## Given information
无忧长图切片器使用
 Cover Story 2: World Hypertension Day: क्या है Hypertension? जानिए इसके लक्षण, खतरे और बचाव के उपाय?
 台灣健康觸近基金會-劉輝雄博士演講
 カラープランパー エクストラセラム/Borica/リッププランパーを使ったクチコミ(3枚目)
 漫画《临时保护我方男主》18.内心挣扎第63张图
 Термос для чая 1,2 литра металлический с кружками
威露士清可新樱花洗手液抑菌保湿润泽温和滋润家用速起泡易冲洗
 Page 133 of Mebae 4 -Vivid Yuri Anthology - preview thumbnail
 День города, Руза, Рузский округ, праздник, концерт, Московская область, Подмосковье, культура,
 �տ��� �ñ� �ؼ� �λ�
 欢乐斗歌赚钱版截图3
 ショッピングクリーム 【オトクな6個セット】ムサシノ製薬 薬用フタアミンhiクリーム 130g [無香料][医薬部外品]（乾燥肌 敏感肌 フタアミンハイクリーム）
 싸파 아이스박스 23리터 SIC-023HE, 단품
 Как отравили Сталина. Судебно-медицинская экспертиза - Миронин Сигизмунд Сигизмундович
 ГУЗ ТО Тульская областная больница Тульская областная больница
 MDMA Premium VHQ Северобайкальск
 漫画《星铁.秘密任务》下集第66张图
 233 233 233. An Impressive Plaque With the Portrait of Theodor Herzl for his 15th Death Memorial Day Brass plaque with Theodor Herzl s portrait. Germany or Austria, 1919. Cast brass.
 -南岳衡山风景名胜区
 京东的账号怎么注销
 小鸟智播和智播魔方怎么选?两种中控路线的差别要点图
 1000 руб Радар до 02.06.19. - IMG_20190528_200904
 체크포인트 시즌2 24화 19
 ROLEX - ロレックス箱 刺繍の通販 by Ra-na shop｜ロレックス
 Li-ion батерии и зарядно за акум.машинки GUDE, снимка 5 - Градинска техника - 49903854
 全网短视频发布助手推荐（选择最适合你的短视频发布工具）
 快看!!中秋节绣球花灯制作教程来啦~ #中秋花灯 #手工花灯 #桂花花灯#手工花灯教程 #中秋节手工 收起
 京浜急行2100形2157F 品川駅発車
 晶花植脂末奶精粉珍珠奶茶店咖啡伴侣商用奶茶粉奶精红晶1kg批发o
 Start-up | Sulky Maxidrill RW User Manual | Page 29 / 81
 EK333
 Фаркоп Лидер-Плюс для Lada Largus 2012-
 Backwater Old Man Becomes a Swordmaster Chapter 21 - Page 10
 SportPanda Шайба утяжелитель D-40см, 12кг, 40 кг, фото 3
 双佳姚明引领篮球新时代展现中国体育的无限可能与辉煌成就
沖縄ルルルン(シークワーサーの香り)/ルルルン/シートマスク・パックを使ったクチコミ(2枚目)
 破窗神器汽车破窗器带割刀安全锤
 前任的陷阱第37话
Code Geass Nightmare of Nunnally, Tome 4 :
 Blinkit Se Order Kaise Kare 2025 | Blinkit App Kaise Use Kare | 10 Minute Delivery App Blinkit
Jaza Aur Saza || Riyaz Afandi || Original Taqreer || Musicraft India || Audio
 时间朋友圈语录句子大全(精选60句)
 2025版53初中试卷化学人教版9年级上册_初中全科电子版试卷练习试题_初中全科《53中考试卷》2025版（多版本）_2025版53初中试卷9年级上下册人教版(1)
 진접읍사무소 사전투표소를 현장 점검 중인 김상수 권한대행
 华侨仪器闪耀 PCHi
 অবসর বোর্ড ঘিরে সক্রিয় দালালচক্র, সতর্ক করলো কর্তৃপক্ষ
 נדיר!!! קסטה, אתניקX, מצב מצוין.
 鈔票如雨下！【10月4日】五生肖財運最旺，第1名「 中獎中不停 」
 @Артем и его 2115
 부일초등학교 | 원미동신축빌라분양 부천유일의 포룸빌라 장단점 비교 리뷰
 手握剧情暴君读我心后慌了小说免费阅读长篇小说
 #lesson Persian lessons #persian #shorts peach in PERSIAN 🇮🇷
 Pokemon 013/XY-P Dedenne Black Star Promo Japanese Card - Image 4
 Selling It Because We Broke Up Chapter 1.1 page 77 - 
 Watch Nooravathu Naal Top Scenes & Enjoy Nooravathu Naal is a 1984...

## What needs to be done
In the listing, find each line with the string "Chapter" and copy it.

## Reply to the task
 Backwater Old Man Becomes a Swordmaster Chapter 21 - Page 10
 Selling It Because We Broke Up Chapter 1.1 page 77 - 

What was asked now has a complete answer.